▶ [Your goal] Every line below between the line holding "Transferência de dados" and the line holding "Picture of Propafenone-d5 Hydrochloride", inclusive, should be repeated exactly, and all other lines omitted.

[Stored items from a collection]
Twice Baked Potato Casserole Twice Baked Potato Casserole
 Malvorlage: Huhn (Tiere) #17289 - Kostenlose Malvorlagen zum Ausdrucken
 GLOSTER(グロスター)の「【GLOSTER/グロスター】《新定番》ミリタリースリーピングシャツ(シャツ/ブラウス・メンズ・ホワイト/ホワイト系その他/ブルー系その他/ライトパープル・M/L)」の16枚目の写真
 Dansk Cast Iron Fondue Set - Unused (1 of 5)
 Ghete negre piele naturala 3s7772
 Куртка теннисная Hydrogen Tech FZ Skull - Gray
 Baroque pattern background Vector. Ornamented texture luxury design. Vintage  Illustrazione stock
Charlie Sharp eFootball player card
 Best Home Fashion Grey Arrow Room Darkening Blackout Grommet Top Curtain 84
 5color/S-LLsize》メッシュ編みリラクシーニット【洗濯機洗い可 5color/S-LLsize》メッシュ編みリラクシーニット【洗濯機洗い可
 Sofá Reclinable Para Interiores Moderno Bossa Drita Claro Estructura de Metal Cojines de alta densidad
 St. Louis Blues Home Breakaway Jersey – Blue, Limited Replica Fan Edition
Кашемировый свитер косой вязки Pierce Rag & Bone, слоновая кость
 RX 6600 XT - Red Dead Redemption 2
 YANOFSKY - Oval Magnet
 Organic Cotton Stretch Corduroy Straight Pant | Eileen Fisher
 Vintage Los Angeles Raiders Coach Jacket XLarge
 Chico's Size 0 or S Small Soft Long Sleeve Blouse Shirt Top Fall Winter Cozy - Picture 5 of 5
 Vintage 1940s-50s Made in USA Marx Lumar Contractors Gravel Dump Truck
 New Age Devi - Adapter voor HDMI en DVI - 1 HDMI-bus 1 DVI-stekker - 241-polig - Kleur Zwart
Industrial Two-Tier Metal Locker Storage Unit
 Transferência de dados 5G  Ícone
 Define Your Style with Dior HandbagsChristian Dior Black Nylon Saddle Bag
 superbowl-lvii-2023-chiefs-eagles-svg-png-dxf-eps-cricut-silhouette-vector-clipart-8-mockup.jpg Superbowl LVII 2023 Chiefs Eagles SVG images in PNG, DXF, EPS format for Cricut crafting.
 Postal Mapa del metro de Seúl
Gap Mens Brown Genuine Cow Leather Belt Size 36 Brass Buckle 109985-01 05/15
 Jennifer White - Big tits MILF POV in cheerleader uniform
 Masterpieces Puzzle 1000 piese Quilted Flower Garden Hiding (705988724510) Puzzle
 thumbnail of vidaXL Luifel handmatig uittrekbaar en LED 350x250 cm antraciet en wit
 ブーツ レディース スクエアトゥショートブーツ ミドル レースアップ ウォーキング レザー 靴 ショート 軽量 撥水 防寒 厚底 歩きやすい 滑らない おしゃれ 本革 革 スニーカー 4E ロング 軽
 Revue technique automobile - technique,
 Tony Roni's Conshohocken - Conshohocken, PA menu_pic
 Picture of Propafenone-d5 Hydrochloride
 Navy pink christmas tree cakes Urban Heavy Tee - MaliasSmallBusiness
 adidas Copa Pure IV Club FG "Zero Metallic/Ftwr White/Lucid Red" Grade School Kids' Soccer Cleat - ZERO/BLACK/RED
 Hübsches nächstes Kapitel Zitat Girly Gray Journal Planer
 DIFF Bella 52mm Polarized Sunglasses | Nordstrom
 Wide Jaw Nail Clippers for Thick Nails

▶ [Exercise response]
 Transferência de dados 5G  Ícone
 Define Your Style with Dior HandbagsChristian Dior Black Nylon Saddle Bag
 superbowl-lvii-2023-chiefs-eagles-svg-png-dxf-eps-cricut-silhouette-vector-clipart-8-mockup.jpg Superbowl LVII 2023 Chiefs Eagles SVG images in PNG, DXF, EPS format for Cricut crafting.
 Postal Mapa del metro de Seúl
Gap Mens Brown Genuine Cow Leather Belt Size 36 Brass Buckle 109985-01 05/15
 Jennifer White - Big tits MILF POV in cheerleader uniform
 Masterpieces Puzzle 1000 piese Quilted Flower Garden Hiding (705988724510) Puzzle
 thumbnail of vidaXL Luifel handmatig uittrekbaar en LED 350x250 cm antraciet en wit
 ブーツ レディース スクエアトゥショートブーツ ミドル レースアップ ウォーキング レザー 靴 ショート 軽量 撥水 防寒 厚底 歩きやすい 滑らない おしゃれ 本革 革 スニーカー 4E ロング 軽
 Revue technique automobile - technique,
 Tony Roni's Conshohocken - Conshohocken, PA menu_pic
 Picture of Propafenone-d5 Hydrochloride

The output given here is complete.